On September 30, Grayson even posted a video on YouTube in which he presented examples of travesties resulting from robo-signed documents. He included a man who was foreclosed on even though he didn’t have a mortgage and had paid cash for his home; a home that had two foreclosure suits against it because two servicers claimed to have ownership of the title; and a couple foreclosed on over a $75 late fee that they were in the process of contesting.
And then, 30 Democrats got together and, with Speaker Pelosi speaking for the group, said that “it was time for the banks to be held accountable for their practices,” or something very close. And President Obama surprised everyone by pocket vetoing a bill that would have affected notarization and interstate commerce, and that many bloggers were very upset about, but I’m still not clear as to its actual impact.
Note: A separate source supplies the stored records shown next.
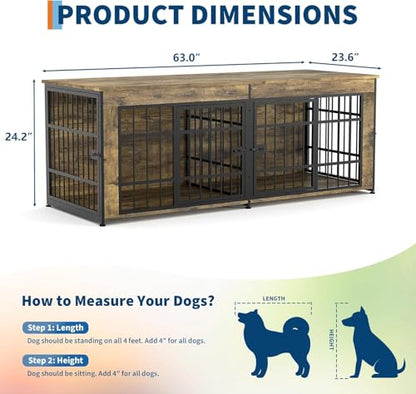 63" Large Wooden Dog Crate Furniture for 2 Dogs, Brown, view 3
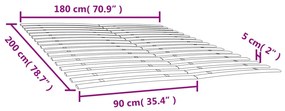 Estrados de ripas com 34 ripas 2 pcs 90x200 cm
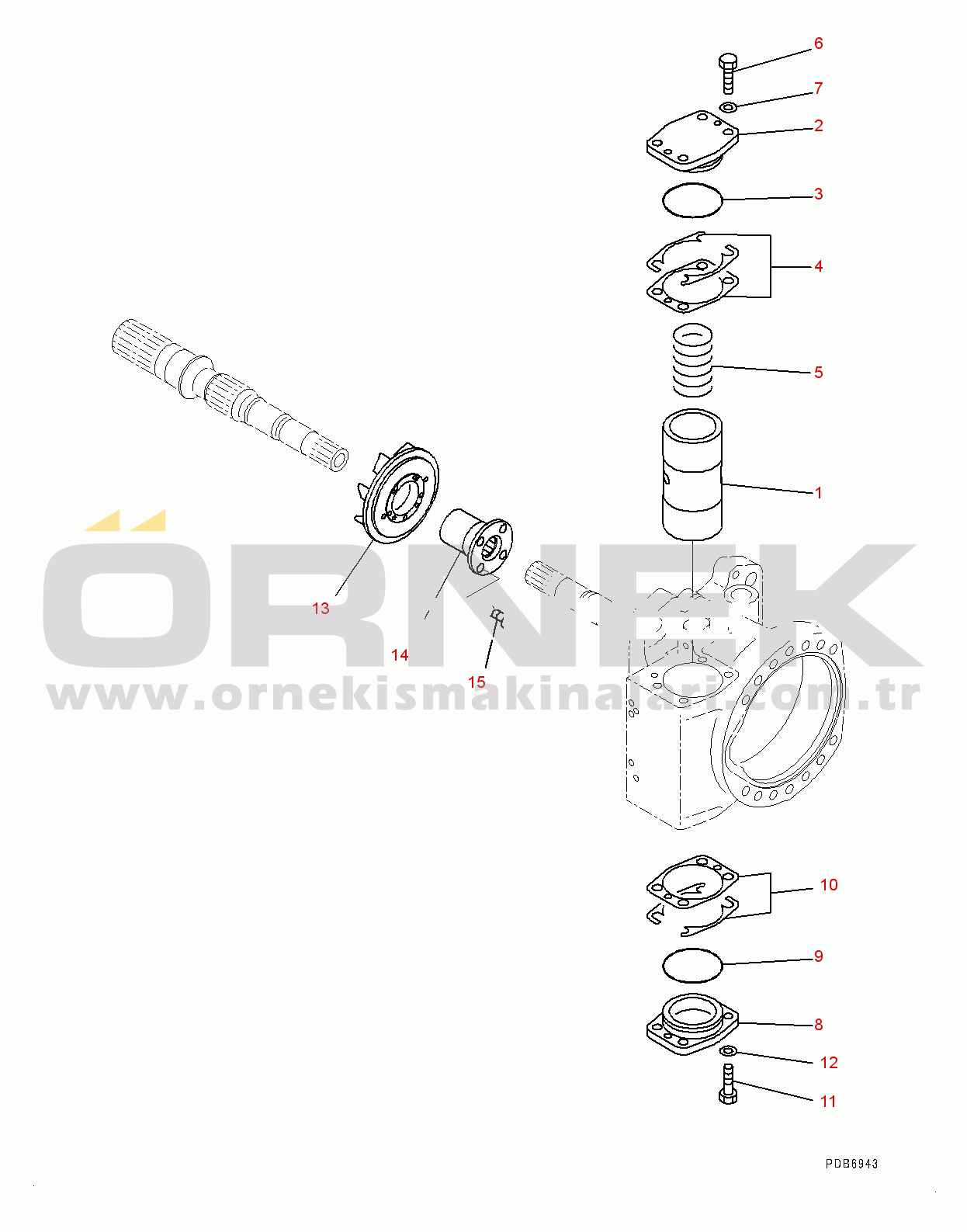 Komatsu PC600-8E0 S/N 65001-UP Piston Pump, Inner Parts, No.1 Pump (6/14) (#65001-)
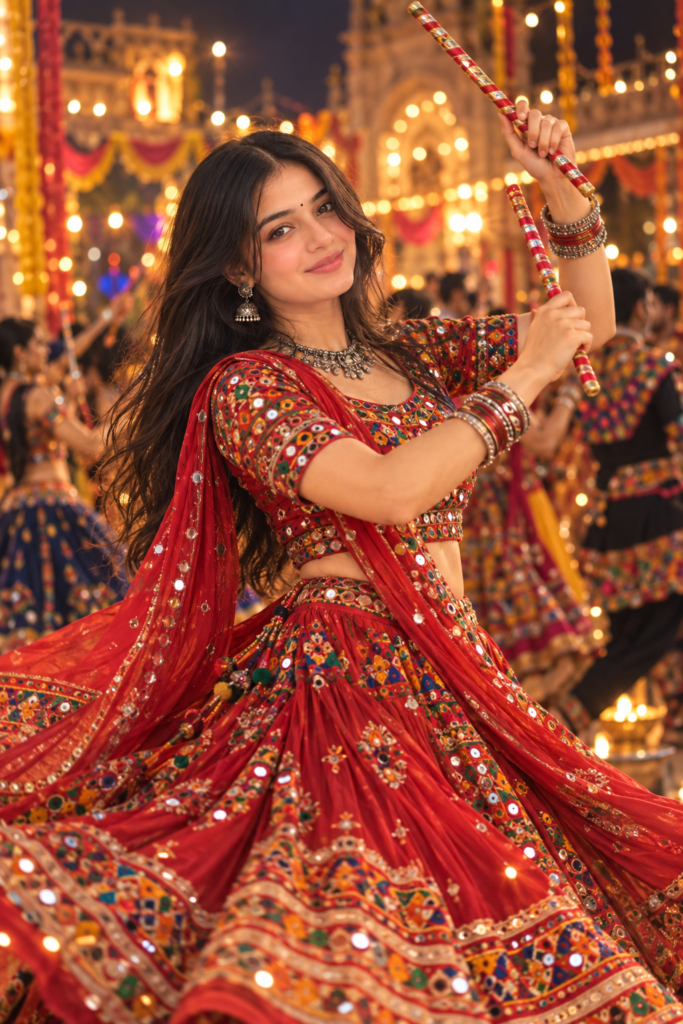 Red Navratri AI photo prompt for girls in chaniya choli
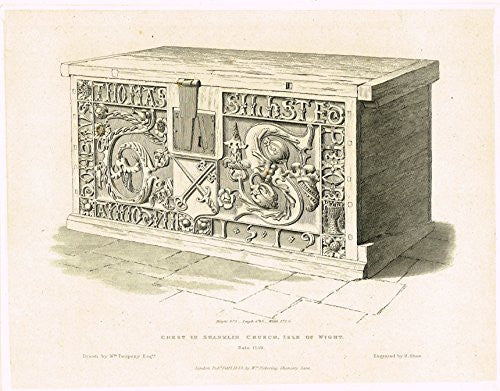 Shaw's Ancient Furniture - "CHEST IN SHANKLIN CHURCH, ISLE OF WIGHT" - Large Steel Engraving - 1836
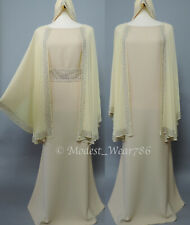 Dubai Cape Abaya Closed Rhinestones Pearl Muslim Women Maxi Dress Yellow Cream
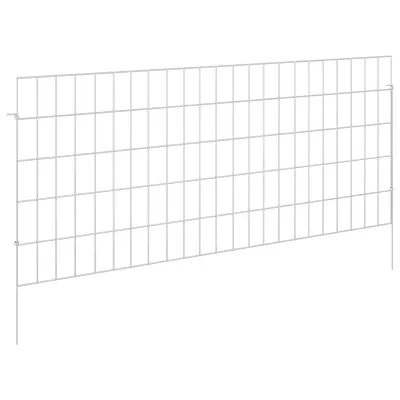 vidaXL Ograja za vrt z žeblji 12 pcs 115 x 50 cm Mesh Pocinkano jeklo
But, no matter, the bankers wanted it and he vetoed it anyway, so… surprise!
(I should say that I was happy to see the Dems finally asking questions, and ostensibly making demands for action and accountability, although as anyone who has read my columns regularly over this past year knows, I can’t claim to be even the least bit surprised. I’ve been saying that the mid-term elections would have this sort of effect on politicians specifically as related to the foreclosure crisis for over a year. I’m not bragging, our politicians are nothing if not predictable.)
Okay… there are a few things I want to make sure we all understand before I get to the heart of the matter.
For one thing, it’s important to recognize that these robo-signers are not low-level bank employees. According to April Charney, who the press often calls the country’s top foreclosure fighter, the signing is taking place only a handful of floors below the C-Suite offices, and if you think about it, this would have to be the case.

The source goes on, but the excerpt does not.